The great lyric from Nahko and Medicine for the People often brings me to reflect on what brought me to this moment, my “here and now”. It would take a million books to encompass the vast array of events which lead to beginning this journey. There were several journeys that I travelled which ultimately lead to this moment and my practice. Like I have been known to say, “It isn’t a light switch…it’s a process”. Throughout this process, I had a musically spiritually guide, which was Nahko and Medicine for the People. I am forever grateful to them for their “musical medicine”.
I began seeing signs. I viewed them as “strange coincidence” at first, but after the universe kept throwing them my direction, I was forced to sit back and reflect. “Okay, what is going on here?” So I followed them…not without a lot of questioning and self-doubt…not without trying to back out of this terrifying journey several times…not without extreme hardship. There was something pulling me and it was too strong to ignore.
Most often, there is a huge change or event which forces you to look inside and make other changes in your life. The initial, most drastic change in my case was divorce, but can be anything in your life: a job change, a move, an accident or near-accident, etc. I needed a change from my environment, my circumstances, and my current situation. I didn’t know what would happen; I couldn’t control how it would play out; I felt like I had no idea what the hell I was doing. It was terrifying! And it didn’t come without great cost to those whom I love and myself. It was not easy.
There was a lot of back and forth. I wasn’t sure that I was making the “right” decision. One day, I was overcome by this internal knowing that I was leaving my marriage. There was no giant fight, no crazy sign, I just knew. After my separation, there was a lot of uncertainty. Everything was different. It took so much from me before making the final decision to leave that I didn’t think much further than the leaving part. I didn’t know where to go from there. The next few months consisted a lot of me trying to heal forcibly. I did everything but allow the process to occur naturally.
I always dabbled in mental and physical fitness, only ever really committing to running. Throughout the process of coming to terms with my decision to leave my marriage, I went to some yoga classes, starting meditating some again, started to connect to crystals again, and was running fairly often. After losing my marriage commitment, I lost commitment to pretty much everything. I struggled to get myself together. Some people speak of an “aha moment”. I feel I had many, I just didn’t have the mental or physical strength to carry them out at that moment. I pushed myself to get some routine together to get back into fitness. I thought if I could just get back into running everyday, I would be fine. If I just surrounded myself with people, I would be okay. If I went to a yoga class every week, I would be more grounded. If I immersed myself in work, I would be better. It was causing more stress and it was exhausting. That was not my intention at all. In fact, it was the exact opposite of my intention.

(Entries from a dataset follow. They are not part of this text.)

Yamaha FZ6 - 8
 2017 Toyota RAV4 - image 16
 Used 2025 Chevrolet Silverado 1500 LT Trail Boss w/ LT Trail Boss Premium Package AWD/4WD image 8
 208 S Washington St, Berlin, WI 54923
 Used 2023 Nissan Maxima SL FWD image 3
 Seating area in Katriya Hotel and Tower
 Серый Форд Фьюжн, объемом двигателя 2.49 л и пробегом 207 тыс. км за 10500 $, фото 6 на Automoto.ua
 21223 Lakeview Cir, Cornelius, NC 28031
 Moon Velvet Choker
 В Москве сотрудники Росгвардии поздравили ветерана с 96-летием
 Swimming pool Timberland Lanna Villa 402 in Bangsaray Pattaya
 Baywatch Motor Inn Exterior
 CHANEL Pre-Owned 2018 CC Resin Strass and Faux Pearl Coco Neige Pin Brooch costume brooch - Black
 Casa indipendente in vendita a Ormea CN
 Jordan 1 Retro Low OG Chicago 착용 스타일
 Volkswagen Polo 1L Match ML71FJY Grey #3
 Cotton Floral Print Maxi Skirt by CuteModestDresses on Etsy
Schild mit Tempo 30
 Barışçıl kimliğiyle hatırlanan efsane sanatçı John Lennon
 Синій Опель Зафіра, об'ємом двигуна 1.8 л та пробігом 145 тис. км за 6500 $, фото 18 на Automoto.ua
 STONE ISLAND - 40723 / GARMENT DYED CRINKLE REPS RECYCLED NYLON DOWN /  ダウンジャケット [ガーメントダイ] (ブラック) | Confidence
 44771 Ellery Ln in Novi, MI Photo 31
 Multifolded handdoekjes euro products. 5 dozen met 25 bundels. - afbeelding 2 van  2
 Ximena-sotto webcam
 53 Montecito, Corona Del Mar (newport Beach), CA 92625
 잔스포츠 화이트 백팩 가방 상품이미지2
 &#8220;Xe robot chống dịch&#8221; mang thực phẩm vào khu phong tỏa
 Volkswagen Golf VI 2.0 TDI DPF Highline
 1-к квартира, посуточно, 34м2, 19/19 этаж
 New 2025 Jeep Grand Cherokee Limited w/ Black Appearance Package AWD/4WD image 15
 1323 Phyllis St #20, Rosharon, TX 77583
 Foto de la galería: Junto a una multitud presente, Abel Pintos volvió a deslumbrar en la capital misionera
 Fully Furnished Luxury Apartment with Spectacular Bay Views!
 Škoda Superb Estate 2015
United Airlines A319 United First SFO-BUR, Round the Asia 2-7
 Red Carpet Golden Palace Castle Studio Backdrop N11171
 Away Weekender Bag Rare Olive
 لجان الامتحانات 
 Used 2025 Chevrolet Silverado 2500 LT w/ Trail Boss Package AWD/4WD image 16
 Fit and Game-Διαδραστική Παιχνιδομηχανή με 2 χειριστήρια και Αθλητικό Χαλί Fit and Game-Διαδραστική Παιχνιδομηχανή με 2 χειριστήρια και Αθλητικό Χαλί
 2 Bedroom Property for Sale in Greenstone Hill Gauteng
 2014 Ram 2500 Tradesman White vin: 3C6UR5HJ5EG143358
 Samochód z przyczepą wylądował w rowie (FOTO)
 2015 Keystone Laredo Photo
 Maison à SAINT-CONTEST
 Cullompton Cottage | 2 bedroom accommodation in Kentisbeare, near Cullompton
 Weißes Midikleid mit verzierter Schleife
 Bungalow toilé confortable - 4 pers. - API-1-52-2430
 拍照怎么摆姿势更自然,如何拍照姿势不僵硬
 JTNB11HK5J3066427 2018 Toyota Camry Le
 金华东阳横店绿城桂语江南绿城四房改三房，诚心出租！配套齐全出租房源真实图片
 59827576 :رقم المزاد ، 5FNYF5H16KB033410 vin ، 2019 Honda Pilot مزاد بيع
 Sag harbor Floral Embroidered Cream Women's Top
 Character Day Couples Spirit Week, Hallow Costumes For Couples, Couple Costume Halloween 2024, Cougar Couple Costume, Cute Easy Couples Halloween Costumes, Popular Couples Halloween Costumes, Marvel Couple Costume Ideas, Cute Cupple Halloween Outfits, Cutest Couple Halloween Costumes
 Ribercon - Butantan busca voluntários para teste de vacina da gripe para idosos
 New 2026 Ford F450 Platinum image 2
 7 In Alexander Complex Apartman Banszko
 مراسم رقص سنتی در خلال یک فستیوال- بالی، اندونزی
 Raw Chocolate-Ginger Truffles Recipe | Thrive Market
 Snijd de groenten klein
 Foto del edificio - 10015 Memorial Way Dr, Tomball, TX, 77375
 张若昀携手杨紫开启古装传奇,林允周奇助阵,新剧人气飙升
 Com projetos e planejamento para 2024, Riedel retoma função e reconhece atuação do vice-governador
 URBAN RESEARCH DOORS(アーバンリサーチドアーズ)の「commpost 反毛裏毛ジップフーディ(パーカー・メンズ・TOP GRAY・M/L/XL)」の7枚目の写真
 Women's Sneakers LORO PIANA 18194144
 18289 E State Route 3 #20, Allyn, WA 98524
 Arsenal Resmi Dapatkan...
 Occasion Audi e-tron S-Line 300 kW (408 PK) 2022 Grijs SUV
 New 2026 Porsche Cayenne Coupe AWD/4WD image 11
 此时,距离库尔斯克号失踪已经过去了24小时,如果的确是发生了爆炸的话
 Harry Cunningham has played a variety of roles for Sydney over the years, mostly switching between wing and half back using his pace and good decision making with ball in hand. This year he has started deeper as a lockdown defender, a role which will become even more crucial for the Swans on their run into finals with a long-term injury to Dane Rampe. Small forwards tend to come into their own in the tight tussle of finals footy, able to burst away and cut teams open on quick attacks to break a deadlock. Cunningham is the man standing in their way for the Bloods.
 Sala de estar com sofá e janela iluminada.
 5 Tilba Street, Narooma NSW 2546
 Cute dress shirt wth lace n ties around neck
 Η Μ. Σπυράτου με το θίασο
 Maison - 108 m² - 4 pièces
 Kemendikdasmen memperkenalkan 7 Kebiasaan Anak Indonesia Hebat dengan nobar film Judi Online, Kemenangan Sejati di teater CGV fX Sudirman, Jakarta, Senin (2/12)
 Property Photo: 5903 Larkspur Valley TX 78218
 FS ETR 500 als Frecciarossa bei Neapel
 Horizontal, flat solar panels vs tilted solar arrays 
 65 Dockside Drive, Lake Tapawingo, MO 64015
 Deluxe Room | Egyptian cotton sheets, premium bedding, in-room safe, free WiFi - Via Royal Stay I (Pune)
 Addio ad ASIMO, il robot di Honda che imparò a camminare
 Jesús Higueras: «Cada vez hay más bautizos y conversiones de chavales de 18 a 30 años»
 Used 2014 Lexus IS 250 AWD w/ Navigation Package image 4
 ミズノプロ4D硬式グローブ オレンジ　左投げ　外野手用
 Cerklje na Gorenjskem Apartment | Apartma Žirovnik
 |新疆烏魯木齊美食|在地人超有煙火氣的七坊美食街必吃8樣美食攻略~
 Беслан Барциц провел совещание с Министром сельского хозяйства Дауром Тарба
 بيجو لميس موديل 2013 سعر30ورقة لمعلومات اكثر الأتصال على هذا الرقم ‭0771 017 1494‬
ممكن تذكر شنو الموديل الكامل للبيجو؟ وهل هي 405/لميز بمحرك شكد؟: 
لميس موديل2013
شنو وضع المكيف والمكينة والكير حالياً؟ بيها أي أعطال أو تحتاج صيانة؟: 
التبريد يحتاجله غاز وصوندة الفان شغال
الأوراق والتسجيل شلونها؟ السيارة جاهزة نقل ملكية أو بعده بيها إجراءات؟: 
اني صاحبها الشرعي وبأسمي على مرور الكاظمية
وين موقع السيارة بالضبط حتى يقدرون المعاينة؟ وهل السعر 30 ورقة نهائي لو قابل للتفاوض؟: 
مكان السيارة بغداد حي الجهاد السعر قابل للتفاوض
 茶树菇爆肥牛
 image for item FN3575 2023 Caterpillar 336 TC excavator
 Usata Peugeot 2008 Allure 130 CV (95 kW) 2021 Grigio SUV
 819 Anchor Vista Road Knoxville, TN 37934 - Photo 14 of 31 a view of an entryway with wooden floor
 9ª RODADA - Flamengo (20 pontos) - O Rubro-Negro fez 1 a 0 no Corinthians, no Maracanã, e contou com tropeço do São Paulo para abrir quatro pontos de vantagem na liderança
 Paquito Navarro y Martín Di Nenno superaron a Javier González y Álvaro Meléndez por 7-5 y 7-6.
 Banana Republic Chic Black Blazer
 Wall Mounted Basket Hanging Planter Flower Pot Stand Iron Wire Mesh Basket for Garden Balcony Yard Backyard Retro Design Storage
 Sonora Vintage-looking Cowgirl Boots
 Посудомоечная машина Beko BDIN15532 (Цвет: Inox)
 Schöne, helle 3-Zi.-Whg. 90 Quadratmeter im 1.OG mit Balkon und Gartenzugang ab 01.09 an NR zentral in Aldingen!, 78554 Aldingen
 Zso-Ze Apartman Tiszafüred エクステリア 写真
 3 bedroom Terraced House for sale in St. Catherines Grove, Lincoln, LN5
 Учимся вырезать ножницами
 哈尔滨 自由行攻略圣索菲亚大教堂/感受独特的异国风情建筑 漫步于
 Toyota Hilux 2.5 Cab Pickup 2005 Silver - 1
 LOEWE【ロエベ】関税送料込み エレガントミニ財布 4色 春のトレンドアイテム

Don’t get me wrong, getting out for a run, being around friends and family, going to yoga classes, and losing myself in work helped, but trying to commit my broken self to anything was not going to happen. I was all over the place, trying to find my center and settle into the newness of being on my own. I began playing guitar and singing again. It was the first thing that I did with no agenda. I sang what I wanted, when I wanted, and however long I wanted. I had no restrictions or commitments to my guitar. The freedom and ease allowed for my healing. I played for hours at night, after the kids were in bed. I needed to get it out in a way that focused only on my mind and emotions. Such is the process. You must head in a direction, hold onto your intention, however, allow the process to happen naturally.
One day, I woke up and said to myself, “I need to get on the yoga mat today. I don’t care how, where, when, or with who, but it needs to happen.” This was different than the other times when I had said that I needed to because I felt I should. I had an internal knowing that the mat was where I felt I needed to be that day, so I followed that intuition. This “internal knowing” was not the only one besides my decision to leave my marriage that I had felt. In fact, they were coming more frequently now that I had opened myself up to the possibility that they meant something. Or perhaps I was just listening more closely. I was not reluctant at all to follow it and attended a great yoga class that day.
I ended up doing yoga and/or running almost everyday since that day on the mat. Initially, there was the process of integrating the things that I knew would help, yet didn't have the energy to commit to yet. This process lead to my process of allowing yoga, meditation, running (my “moving meditation”), yoga philosophy, and holistic healing into my life. It transformed my life. Slowly…because it is a process, not a light switch.